Making the public API as a protocol requirement instead of an extension methods reserves future flexibility. It can give users a chance to provide their own optimization on some custom types where the default implementation is inefficient. However, it would increase the interface complexity of the heavily-used BinaryInteger protocol, so it may not be worthy.

isPowerOfTwo instead of isPower(of:)

In fact, the pitch originally intended to add an API to check if an integer is power of two only. However, the more generic form isPower(of:) is favored by the community. This case is similar to SE-0225, which initially proposed isEven and isOdd as well, but ended up with isMultiple(of:) accepted only.

Choices for fast paths

In the Detailed Design section, there are three specific cases of fast paths presented. Of course, we can have other choices. The fast path for base two is essential, since it is the most common case in real world applications and should always be kept as a fast path. We may remove the fast path for base ten if it is considered introducing too much complexity to the standard library.

Alternative optimizations for _isPowerOfTwo

Apart from the classic approach, there are other optimization schemes to check if an integer is power of two. Two candidates are ctpop-based and cttz-based approaches, whose implementation is shown below.

extension FixedWidthInteger {
  internal var _isPowerOfTwo_ctpop: Bool {
    return self > 0 && self.nonzeroBitCount == 1
  }
}

extension BinaryInteger {
  internal var _isPowerOfTwo_cttz: Bool {
    return (self > 0) && (self == (1 as Self) << self.trailingZeroBitCount)
  }
}

As per the experimental results, they are overall less performant than the proposed solution on the types and platforms tested. In addition, the ctpop-based approach narrows down the scope from BinaryInteger to FixedWidthInteger.

Acknowledgments

This proposal has been greatly improved by the community. Below are some cases of significant help.

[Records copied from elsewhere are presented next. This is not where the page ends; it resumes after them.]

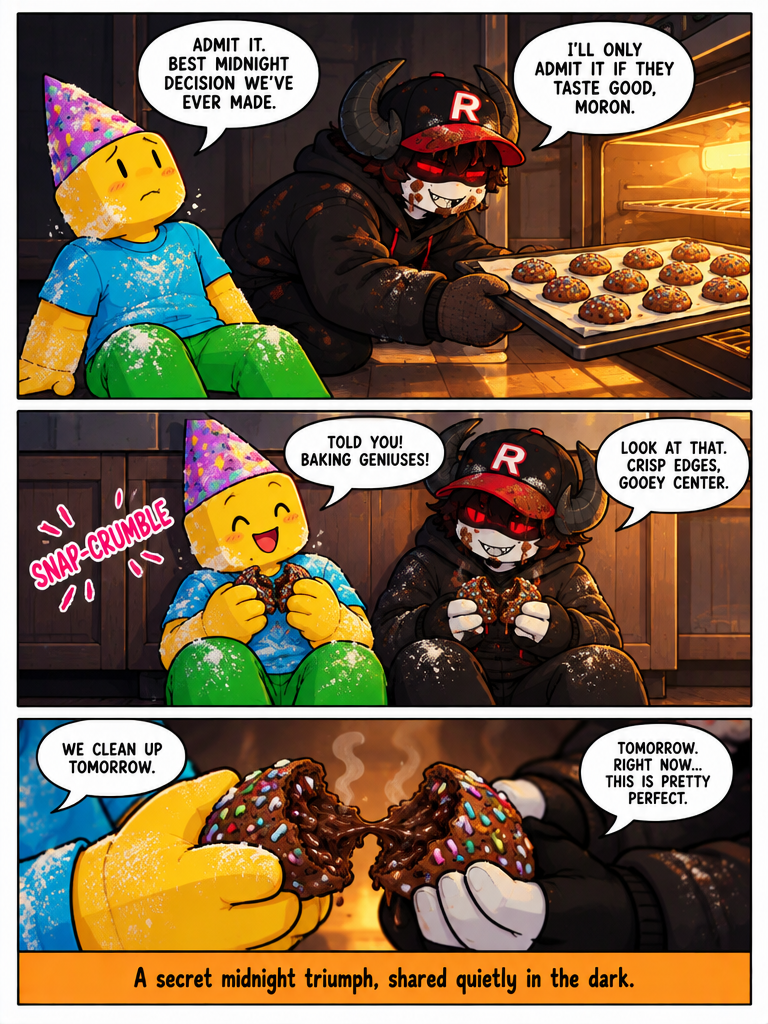 Midnight Recipe (page 4 of 4)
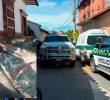 Este fue el cuerpo embolado encontrado en Rionegro. FOTO: Cortesía Mi Oriente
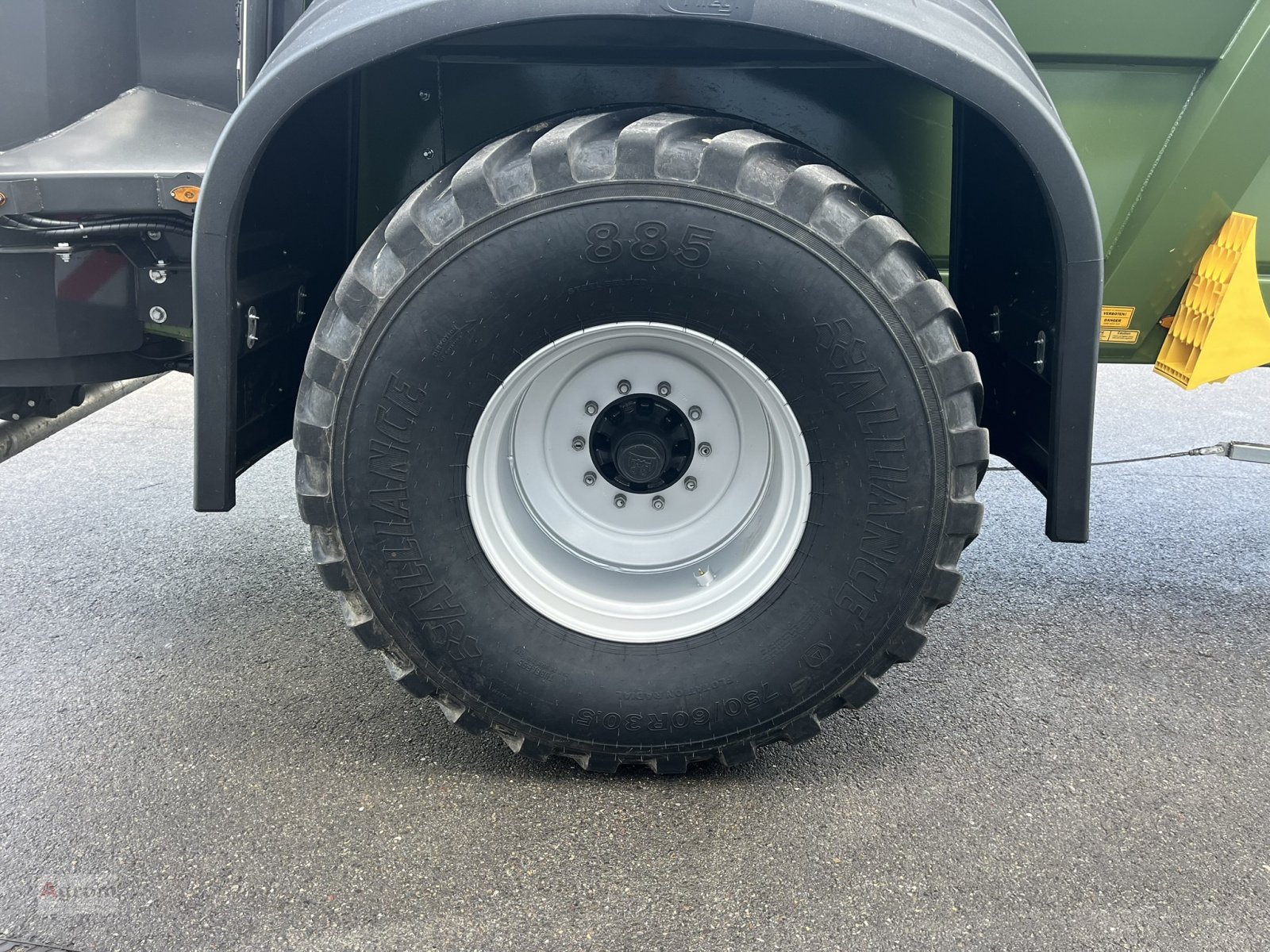 Stalldungstreuer del tipo Fliegl KDS 120, Gebrauchtmaschine In Herrenberg-Gültstein (Immagine 5)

• Steve Canon followed the pitch all the way through and provided a lot of valuable comments to keep the work on the right track.
• Jens Persson showed some inspiration in an earlier thread, and discussed some use cases as well as its extendability to floating point types.
• Nevin Brackett-Rozinsky gave many details to optimize the implementation, and discovered SR-10657 during the discussion.
• Michel Fortin provided an efficient solution to the fast path for base 10 (i.e. checking if an integer is power of ten), together with thorough explanation.
• Jordan Rose gave prompt and continued comments on the PR, and advised the API should better be an extension method rather than a protocol requirement.
• Erik Strottmann suggested a more appropriate naming _isPowerOfTwo instead of _isPowerOf2.
• Antoine Coeur had valuable discussions.